[Saved data entries]
[Start of section]
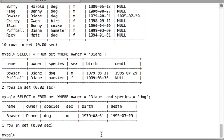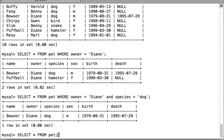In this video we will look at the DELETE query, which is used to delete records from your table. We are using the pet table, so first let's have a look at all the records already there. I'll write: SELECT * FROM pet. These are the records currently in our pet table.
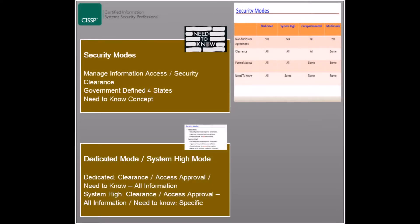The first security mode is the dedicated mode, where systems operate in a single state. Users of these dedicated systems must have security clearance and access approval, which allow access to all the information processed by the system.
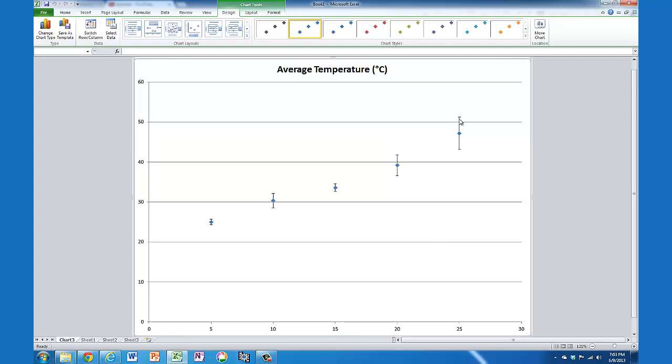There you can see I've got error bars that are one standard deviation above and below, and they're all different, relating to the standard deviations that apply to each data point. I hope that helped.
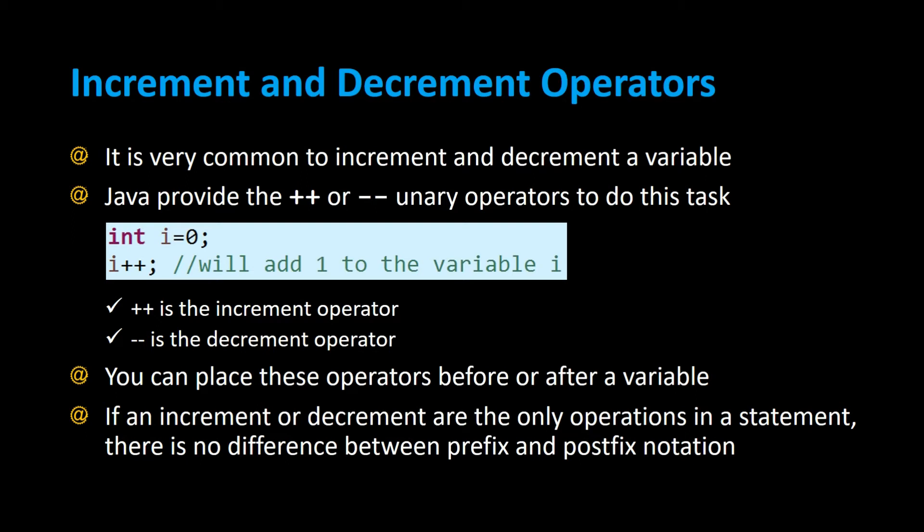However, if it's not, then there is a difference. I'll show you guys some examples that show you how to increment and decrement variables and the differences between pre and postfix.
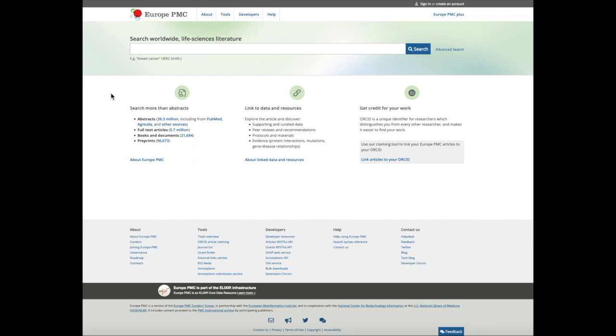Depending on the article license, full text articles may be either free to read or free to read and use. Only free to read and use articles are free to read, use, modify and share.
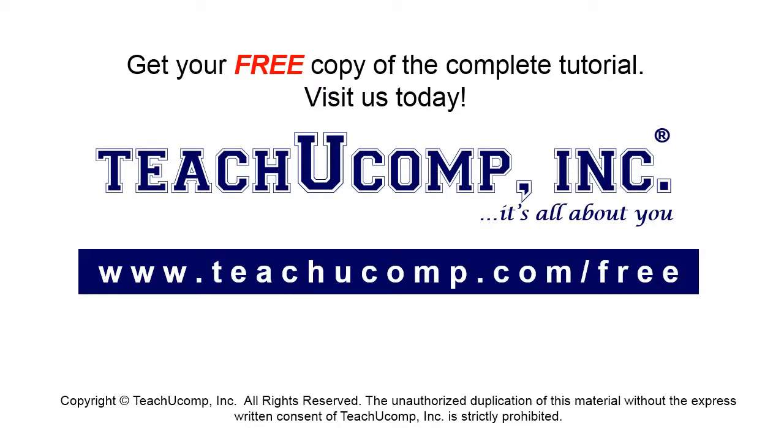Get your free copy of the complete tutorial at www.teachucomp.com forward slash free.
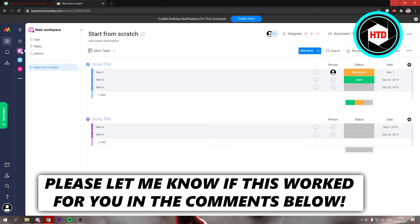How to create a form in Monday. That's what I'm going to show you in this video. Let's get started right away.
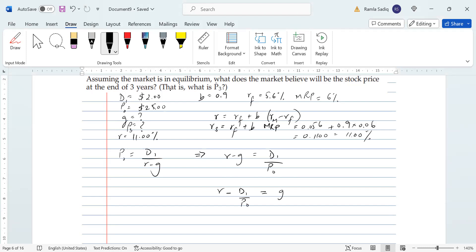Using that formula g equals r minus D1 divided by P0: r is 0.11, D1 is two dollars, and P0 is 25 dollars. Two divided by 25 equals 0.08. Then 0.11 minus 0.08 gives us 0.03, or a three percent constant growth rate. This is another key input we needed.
[End of section]
[Start of section]
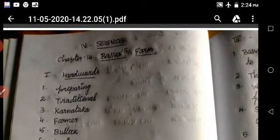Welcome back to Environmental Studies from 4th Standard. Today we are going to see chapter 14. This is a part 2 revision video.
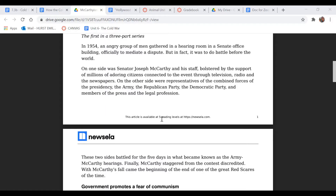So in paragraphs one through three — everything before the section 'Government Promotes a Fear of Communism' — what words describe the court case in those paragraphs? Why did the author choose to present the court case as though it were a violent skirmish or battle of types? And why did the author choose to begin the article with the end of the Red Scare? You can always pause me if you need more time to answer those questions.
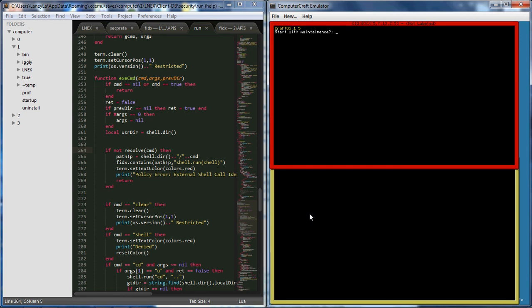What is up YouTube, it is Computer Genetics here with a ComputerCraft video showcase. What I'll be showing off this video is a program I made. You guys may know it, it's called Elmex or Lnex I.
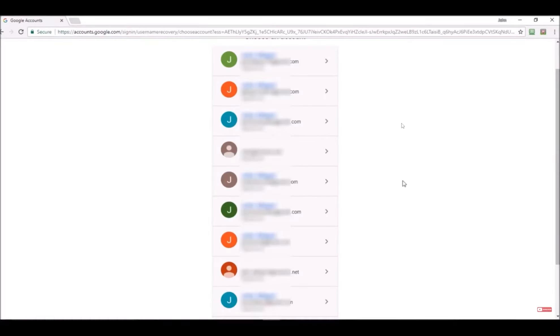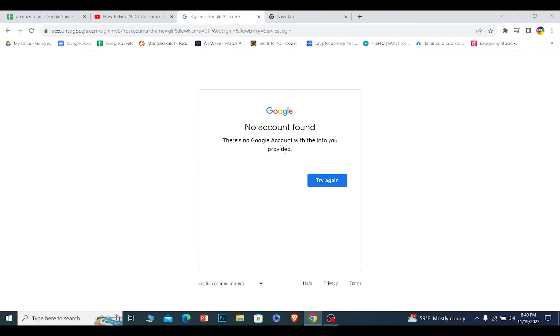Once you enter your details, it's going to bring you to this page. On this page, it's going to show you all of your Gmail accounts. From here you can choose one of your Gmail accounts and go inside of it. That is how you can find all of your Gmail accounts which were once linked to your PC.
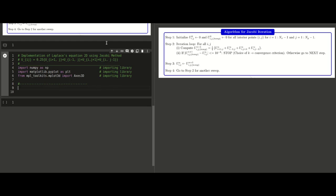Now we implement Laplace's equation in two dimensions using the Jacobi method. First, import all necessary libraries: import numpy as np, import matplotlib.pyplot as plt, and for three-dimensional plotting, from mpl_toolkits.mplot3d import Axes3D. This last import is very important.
[End of section]
> **Problem statement**: Using the records above, return verbatim only the part that opens with the line containing "Once you enter" and closes with the line containing "Now we implement"; pictures stay out.

> **Exercise answer**:
Once you enter your details, it's going to bring you to this page. On this page, it's going to show you all of your Gmail accounts. From here you can choose one of your Gmail accounts and go inside of it. That is how you can find all of your Gmail accounts which were once linked to your PC.
Now we implement Laplace's equation in two dimensions using the Jacobi method. First, import all necessary libraries: import numpy as np, import matplotlib.pyplot as plt, and for three-dimensional plotting, from mpl_toolkits.mplot3d import Axes3D. This last import is very important.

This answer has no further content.